The metaverse, where real life converges with the digital world, has given birth to many new age business models and use cases. Digital twins within the metaverse offer
new ways of interacting with the real world. Let’s see how…
One of the key technologies driving the evolution of the metaverse is that of digital twins. Most popular in the retail industry, a digital twin is a virtual replica of a physical object or system, offering a comprehensive digital representation that can be used for various purposes. When combined with the metaverse, digital twins can enable new ways of experiencing and interacting with the real world.
Architecture of metaverse-based digital twins
The architecture of a metaverse-based digital twin consists of several layers. At the bottom layer is the physical asset or system that the digital twin is replicating. This could be anything from a building, to a manufacturing plant, to a vehicle. The physical asset is equipped with sensors and other IoT devices that collect data on its operations, condition, and performance. This data is then transmitted to the digital twin, which is hosted in the cloud or on-premises.

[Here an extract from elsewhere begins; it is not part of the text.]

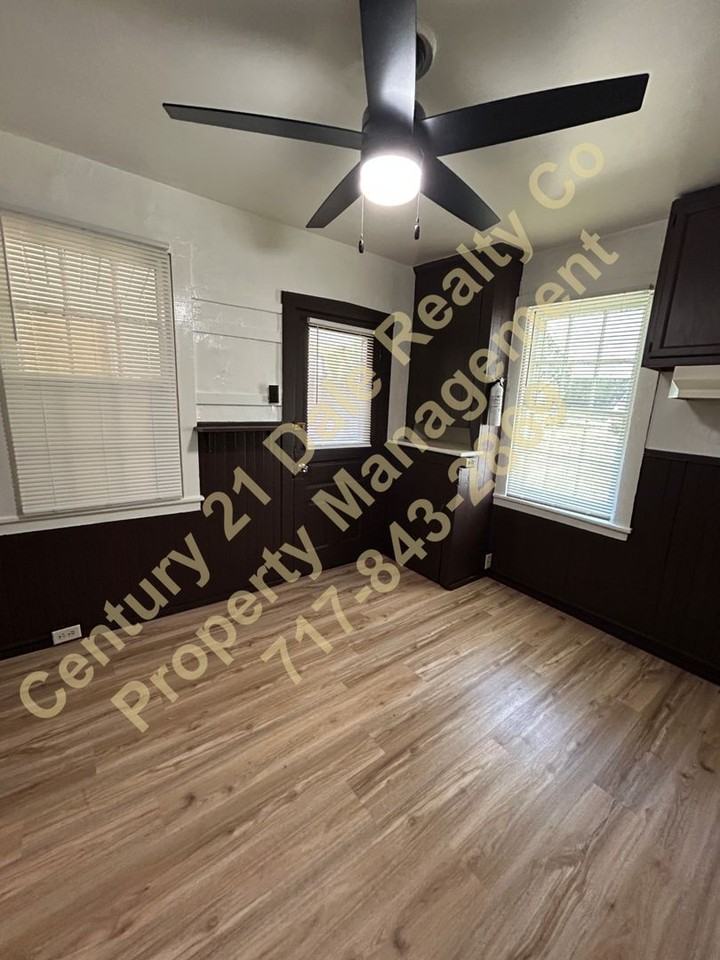 1456 South George Street - Photo 4 of 19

The next layer is the data processing layer, which consists of several components that work together to process the data collected from the physical asset. This layer typically includes data ingestion and storage, data processing and analysis, and data visualisation and reporting. Data ingestion and storage involves collecting data from various sources, and storing it in a scalable and secure data store. Data processing and analysis involves applying advanced analytics techniques, such as machine learning and artificial intelligence, to the collected data to extract insights and identify patterns. Data visualisation and reporting involves presenting the results of the analysis in an easy-to-understand format.

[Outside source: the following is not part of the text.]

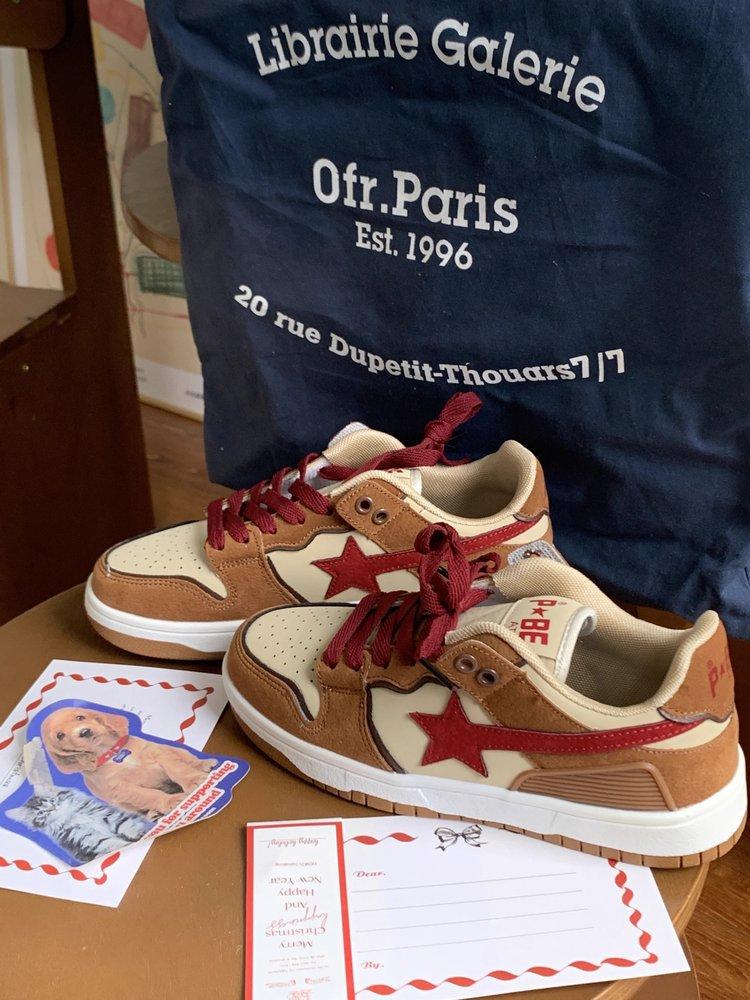 Autumn New Maillard Style 2024 Sports Board Shoes Women's Brown Stars Niche Original Versatile Hong Kong Style White Shoes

The third layer is the digital twin layer, which is responsible for creating a virtual representation of the physical asset or system. The digital twin layer consists of several components, including the virtualisation engine, the digital twin model, and the digital twin APIs. The virtualisation engine is responsible for creating and managing the digital twin, while the digital twin model defines the relationships between the physical asset and its virtual counterpart. The digital twin APIs provide an interface for interacting with the digital twin, enabling users to view and manipulate the virtual representation of the physical asset.

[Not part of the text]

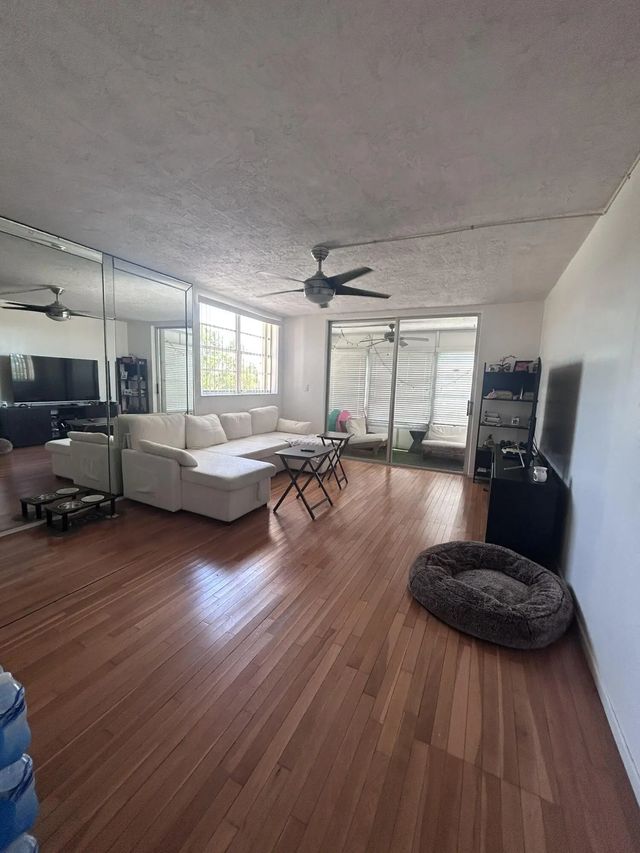 7300 Nw 17th Street #402, Plantation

The fourth layer is the metaverse layer, which is where the digital twin is brought to life. The metaverse layer consists of several components, including the immersive environment, the social interaction engine, and the real-time simulation engine. The immersive environment is the virtual space where the digital twin is presented, while the social interaction engine enables users to interact with each other in the virtual world. The real-time simulation engine is responsible for simulating the behaviour of the physical asset in real time, based on the data collected from the IoT devices.